Para conseguir la adecuada valoración, un ejército de agentes de incógnito recorre los mas destacados restaurantes de los diferentes países, regiones o ciudades donde se edita, recopilando los buenos o no tan buenos momentos vividos en ellos, en una calificación que se ha convertido en referencia mundial para la restauración y que no ha decaído con el paso de los años.

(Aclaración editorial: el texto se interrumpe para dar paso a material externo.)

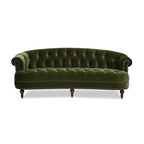 La Rosa 84 Mid-Century Modern Velvet Upholstered Chesterfield Tufted Sofa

Los restaurantes pueden recibir por parte de la Guía Michelín de una a tres estrellas, dependiendo de su calidad general, no solo de la cocina, también de otros aspectos del local y su servicio. Una estrella supone reflejar una cocina muy buena de un establecimiento en su categoría; si subimos a dos estrellas ya hablamos de excelencia, por lo que va a merecer la pena viajar para vivir la experiencia de comer en ese lugar; y si se trata de tres estrellas nos adentramos en el mundo de de una cocina excepcional, por lo que la lista de espera para conseguir mesa en quien las atesore será larga.